The average grocery basket rose from $158.45 to $160.32, an increase of 87 cents. On the surface, that feels manageable. But the movement underneath tells a different story.
Across most departments, prices edged upward. Meat rose 13.3% from a week ago, largely due to the end of a deep discount on bacon. Since March 8, however, meat prices are up just 2% overall, suggesting this week’s jump reflects timing more than a sustained surge at the butcher block. A similar pattern is expected next week in pantry goods, when the current coffee discount returns to baseline. The one department that has consistently resisted upward pressure is Produce—which, if nothing else, offers one more practical reason to eat your vegetables.
Since March 8, overall grocery prices have climbed more than 9%, even with frequent sales masking those increases.
At the pump, the trend is more direct.
The five-station sample rose from $3.83 to $3.96 per gallon in one week—a 3.4% increase. Over the past five weeks, the estimated cost of five gallons—roughly enough to drive 100 miles—has risen from $13.55 to $19.80.
This week, petroleum brand stations led the increase, rising 5.1%, while truck stops showed the smallest movement at 0.5%.
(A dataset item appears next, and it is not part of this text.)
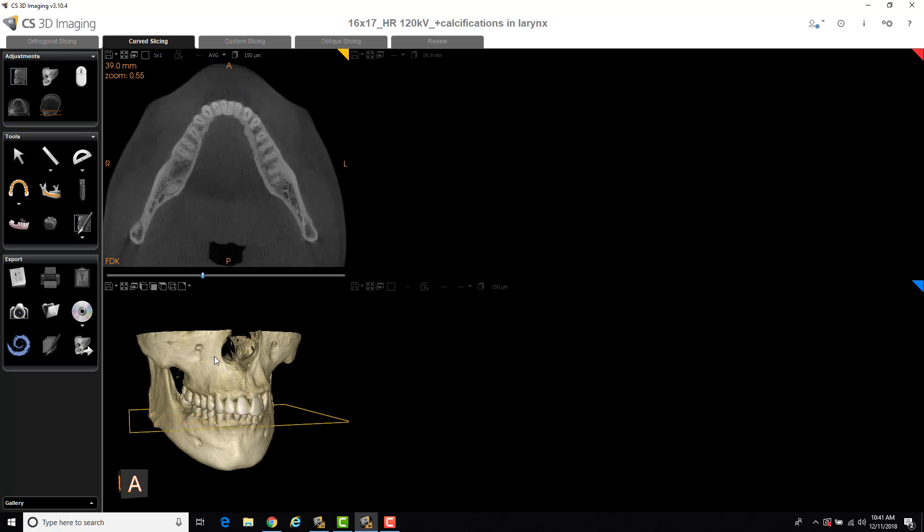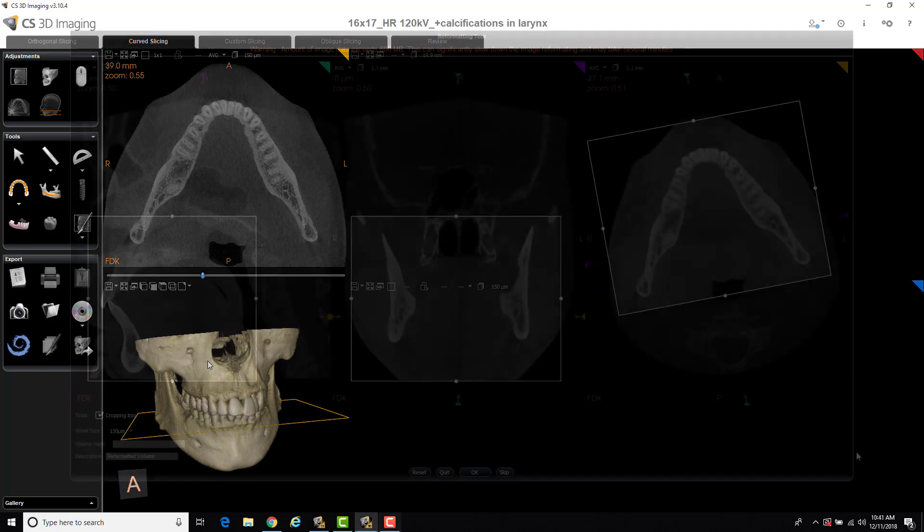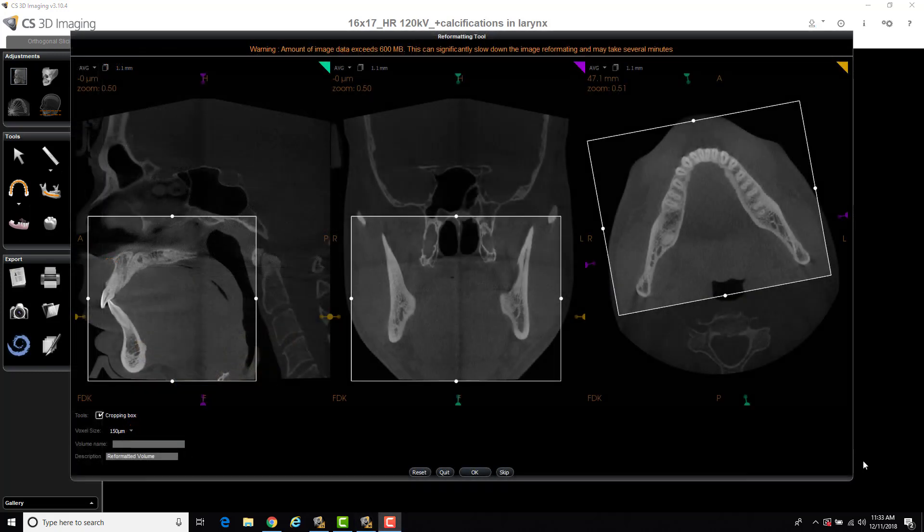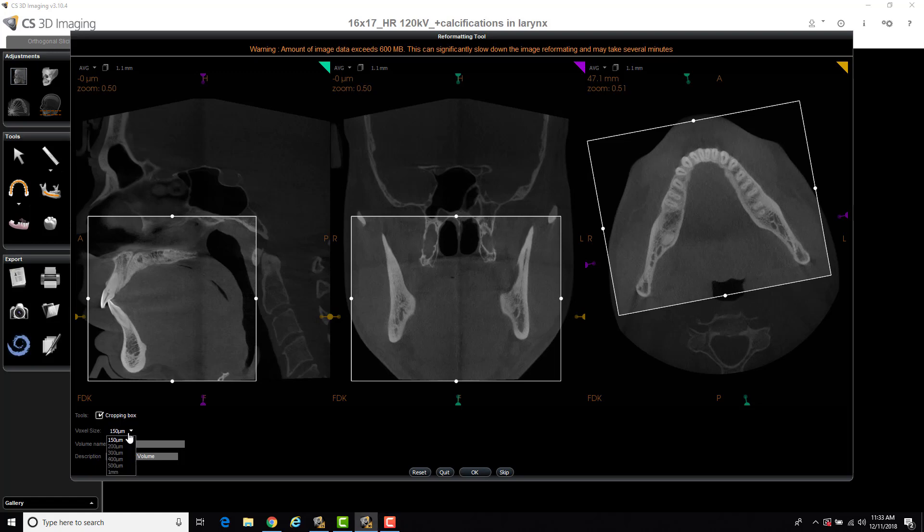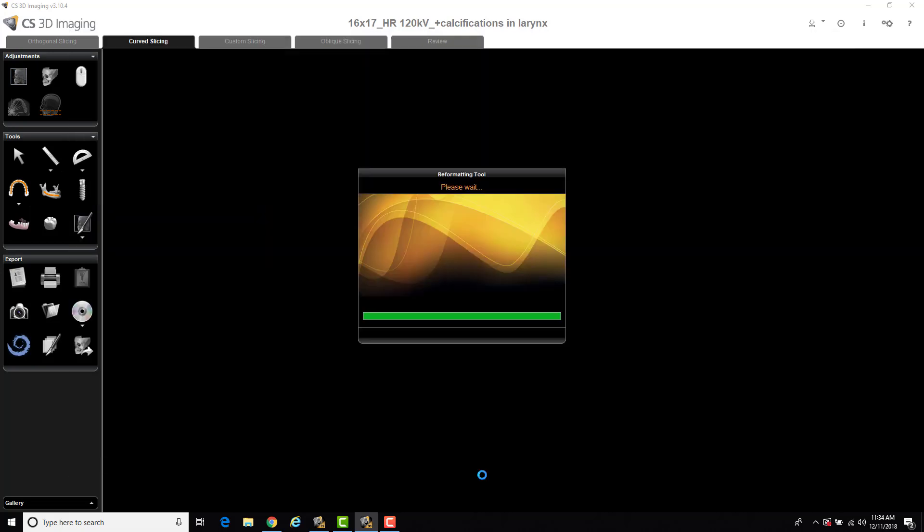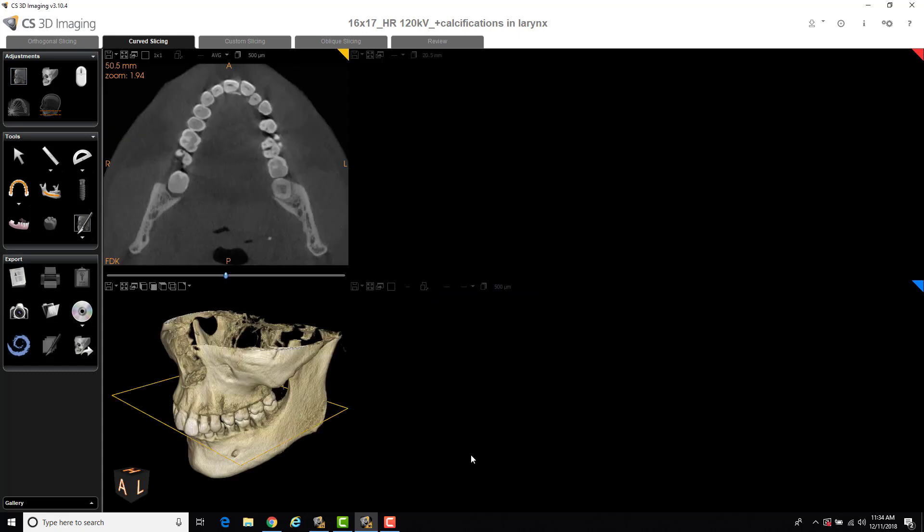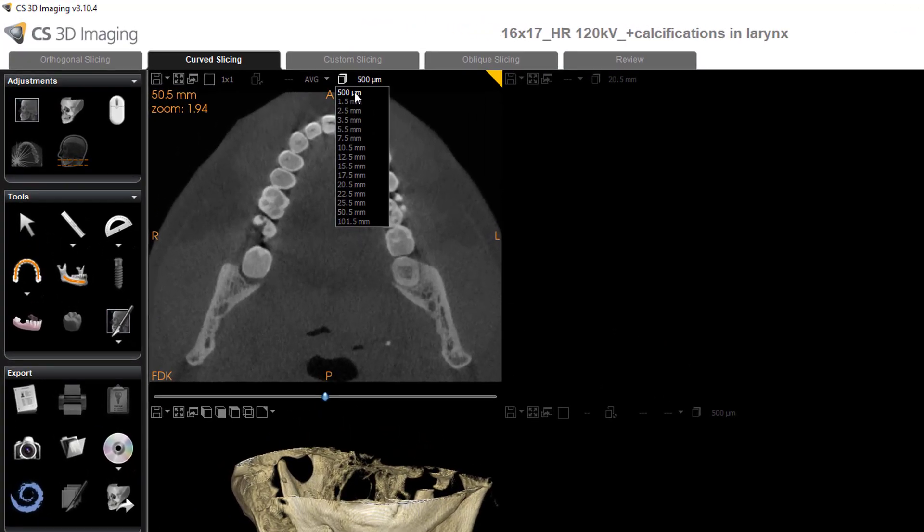And now you can work easily within the scan. So one other application of using the reformatting tool is you can dummy down the resolution from the native resolution of a 150 micron scan to, let's say, 400 microns or 500 microns. Some other planning software programs require a lower resolution. So this is a way to reformat the actual scan. I can rename it, cropped with lower res, and select OK. And again, that reconstructs the data and reformats the data. So now you can see the lowest resolution of my scan is 500 microns.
THE RECEIPT: COFFEE ON SALE, BUT NOT A STOCK-UP ITEM
☕ Deep Discount Item: Coffee
A sharp discount on coffee helped hold grocery totals down this week—but it comes with a catch.
Unlike other pantry staples, coffee does not store well.
- Ground coffee begins to lose freshness within 1–3 weeks after opening
- Exposure to air, moisture, heat, and light quickly degrades flavor
- Refrigeration and freezing can introduce moisture and unwanted odors
- Even under ideal conditions, quality declines steadily over time
The result: buying coffee in bulk may reduce the price per unit, but it often comes at the cost of wasted quality—or wasted product.
For shoppers, this week’s discount is best treated as:
an opportunity to save now—not a signal to stockpile
📌 Storage Reminder:
- Keep coffee in an airtight container
- Store in a cool, dark place
- Buy in smaller quantities when possible
LOCAL VS. NATIONAL PRESSURE
This week’s local data continues to diverge slightly from national trends.
While national reporting points to sharper increases at the pump, the rise in our broader community—though steady—has been more measured.
That may not last.
Recent actions by the U.S. Department of Energy, including releases from the Strategic Petroleum Reserve and expanded energy exports, reflect growing pressure in global markets. These measures are designed to stabilize supply, but their impact at the local level may take time to materialize.
For now, the increase is real—but not yet at the pace seen elsewhere.
THE BOTTOM LINE
What readers experience in the real world is rarely as neat as the national story.
Sometimes the pressure is obvious and immediate, as it has been at the pump. Sometimes it hides behind sale cycles—like this week’s coffee discount—which can soften the total without changing the underlying direction.
A shopper can walk away feeling like prices “held” for the week and still be standing in a marketplace where the long-term trend remains unmistakably upward.
And perhaps that is the best way to understand the Bean Counter’s Scrapbook.
It is not here to tell readers how they should feel about the economy.
It is here to confirm what the receipt already told them.